I’m not making any theoretical statements about where advantage may be, or if they are using the “correct” scoring model. I’m telling you how the scores are generated. They break the ties in your predictions (that’s what the “first” does in the line of code there you posted – it breaks the ties by row order). But they don’t break the ties in the targets – they are left just as they are with only 5 discrete values. And then they do pearson correlation of those two vectors to get your correlation score. So you CAN have only 5 discrete values in your predictions if you want, it just isn’t smart because the ties in your predictions will be broken essentially randomly (by row order, but row order has no meaning in this data).

So if your predictions are {.25,.25,.25,.5,.5,.5,.75,.75,.75} then they are converted to {1,2,3,4,5,6,7,8,9} for scoring (i.e. no ties). So now the .25 in the 3rd position is considered to be after the .25 in the 1st position just because that’s the order of the rows. But any decent model will be able to make much finer and better distinctions between rows, so submitting predictions like {.3, .2, .25, .46,.52,.51, .68, .81,. 74} is much better because now you’ve controlled the ranks they are going to end up with {3,1,2,4,6,5,7,9,8} instead of leaving it up to chance which can lead to wildly different scores just depending on the row order (if you have a large number of ties – a few ties isn’t so bad). [In your example I think you broke the ties but not in such a way that the order changed.] And the row order is fixed, you can’t submit rows in a different order. So let your model be the best that it can be under this system without a random component to your score and don’t have ties in your predictions…

1 Like

Thank you @wigglemuse, that was a clear explanation which helped me understand what you meant.

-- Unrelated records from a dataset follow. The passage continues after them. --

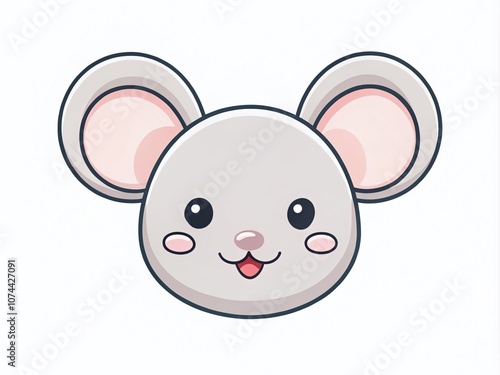 Adorable Minimalist Mouse Logo Design for Modern Branding and Creative Projects Featuring Soft Colors and Simple Shapes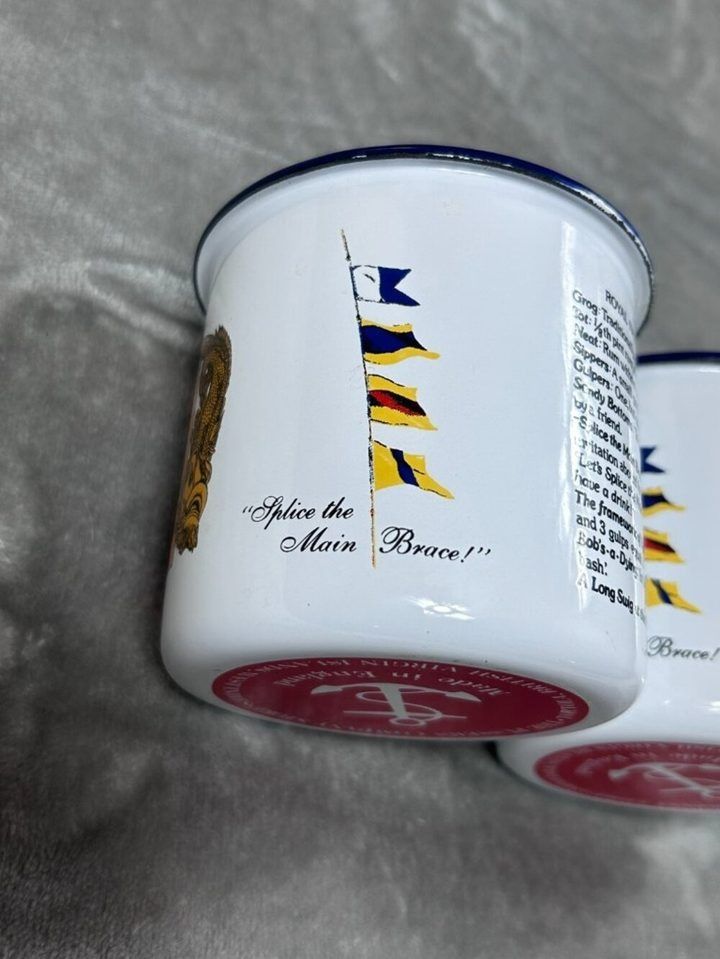 White Enamel Mugs With Nautical Designs image 3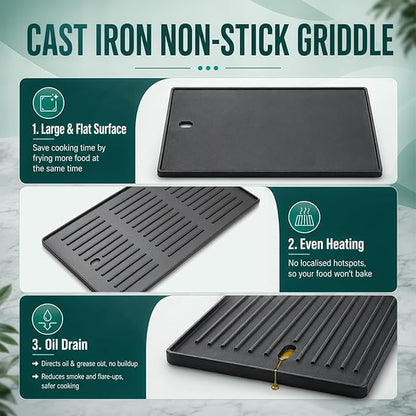 SafBbcue Matte Cast Iron Griddle Replacement Parts for Commercial Infrared Charbroil 463242715 463242716 463234413 463234614 469234815 463276016 466242715 466242815 463234815 463238114 G541-0016-w2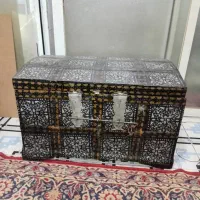 صندوق صندوقچه گنجه چوبی روسی قدیمی عتیقه سالم|کلکسیون اشیاء عتیقه|اصفهان, شیخ اشراق|دیوار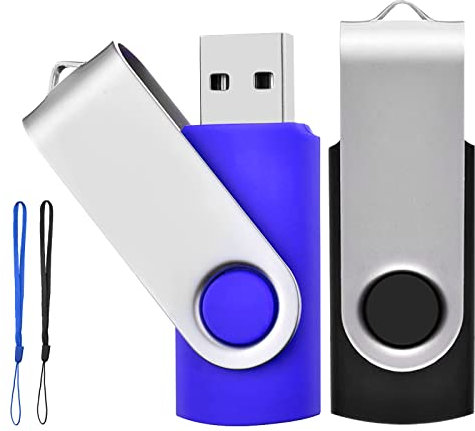 Clé USB 64Go Lot de 2 Cles USB 2.0 Mémoire Flash Drive Clef USB Pivotantes avec Cordes Bon Cadeau pour Enfant Parents et Amis (64G, Noir/Bleu)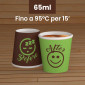 Immagine 2 - Bicchierini da Caffè in Carta Riciclabile con Fantasia DownUpCUP Green da 65ml - Confezione da 50 Bicchieri
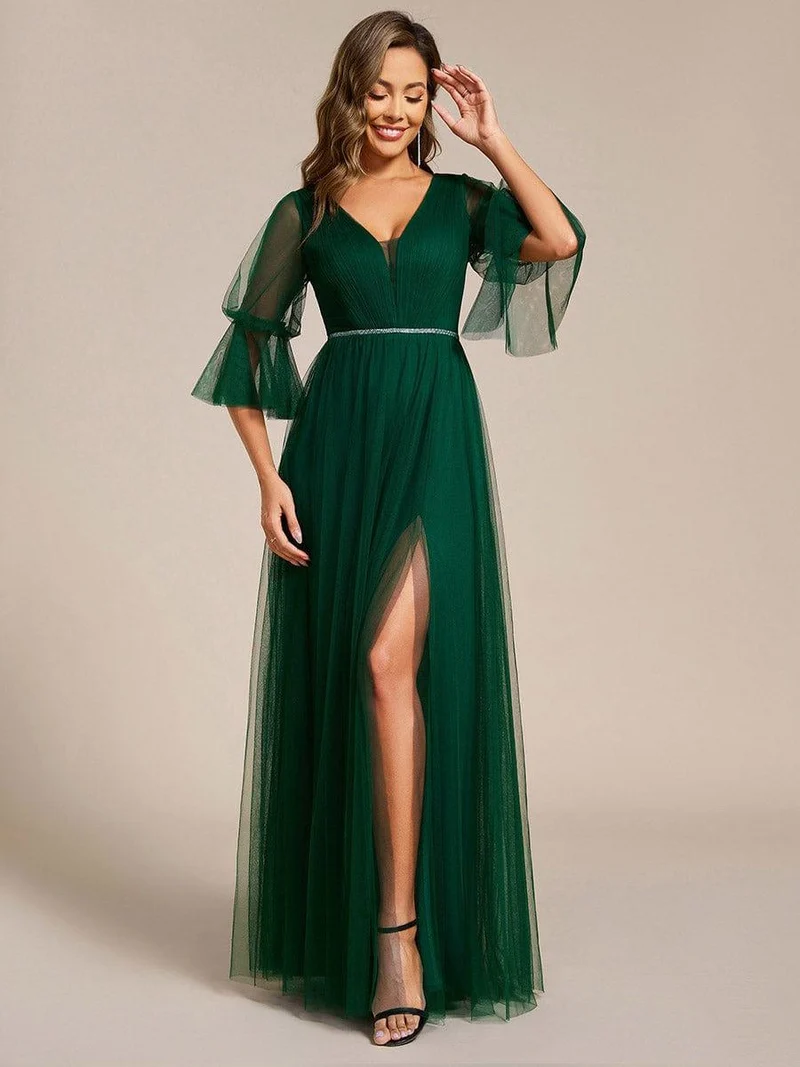 ever HEIDY|Robe longue de demoiselle d'honneur fendue à manches longues lanterne(Vente finale)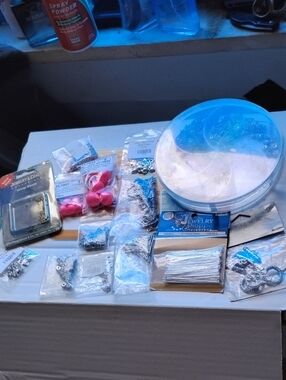 Assorted Jewelry Making Supplies - Blue & Silver Accents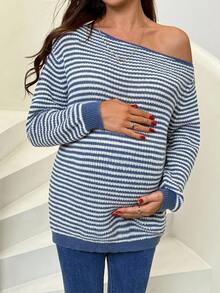 SHEIN 孕妇休闲宽松条纹不对称肩长袖毛衣，秋季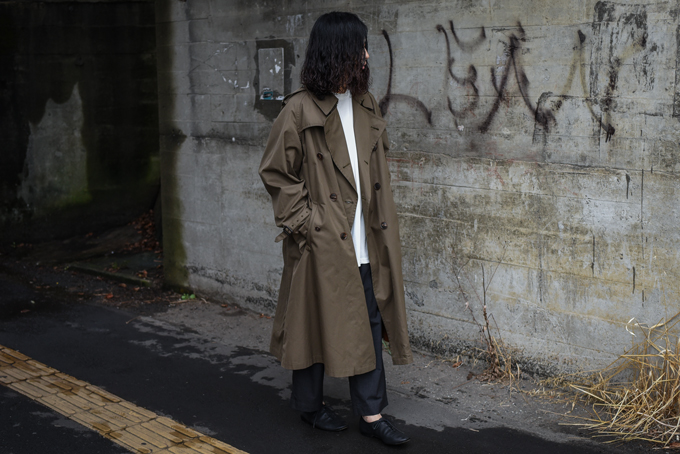 オーラリー finx chambray big trench coat-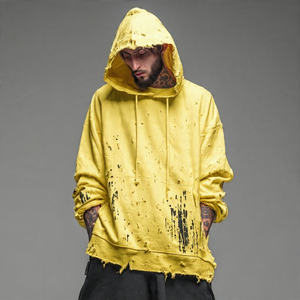 Oversized Distressed Embroidered Fleece Hoodie for <b>Men</b> Winter Baggy Pullover Windproof Eco-Friendly - Product Image 1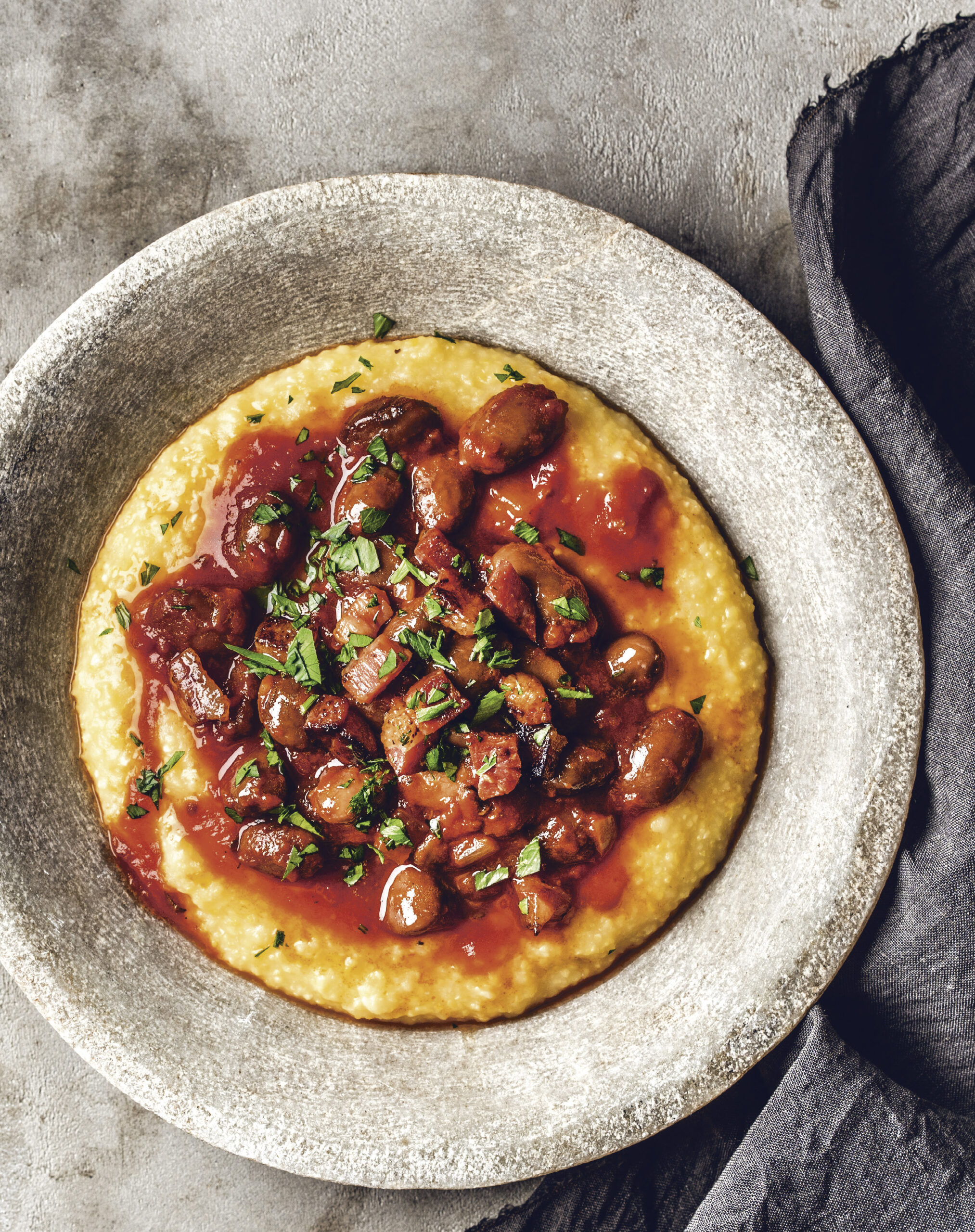 RECIPE: Polenta with borlotti beans and tomato sauce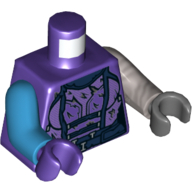 Lego Torso, Odd Arms and Hands, Jumpsuit with Dark Blue Straps Print (Nebula), Left Flat Silver Arm and Dark Bluish Gray Hand, Right Dark Azure Arm and Dark Purple Hand / Dark Purple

I tried to test the idea with twice your series. But:
{.3, .2, .25, .46,.52,.51, .68, .81,. 74,.3, .2, .25, .46,.52,.51, .68, .81,. 74} -> ranked as: {0.278 , 0.056 , 0.167 , 0.389 , 0.611 , 0.5 , 0.722 , 0.944 , 0.833 , 0.333 , 0.111 , 0.222 , 0.444 , 0.667 , 0.556 , 0.778 , 1.0 , 0.889 , }

gives the same score as:
{.25,.25,.25,.5,.5,.5,.75,.75,.75,.25,.25,.25,.5,.5,.5,.75,.75,.75} -> ranked as {0.056 , 0.111 , 0.167 , 0.389 , 0.444 , 0.5 , 0.722 , 0.778 , 0.833 , 0.222 , 0.278 , 0.333 , 0.556 , 0.611 , 0.667 , 0.889 , 0.944 , 1.0}

Graphically, it would be the difference between:
image and image

But perhaps the differences will show with a larger dataset? or when prediction and target are much less correlated? I will explore further and post here if I gain any further insights.

1 Like

Yes, with tiny samples there are lots of ways to get the same correlation score. In the real tournament the typical era has around 5000 rows and you are lucky to get 5% positive correlation.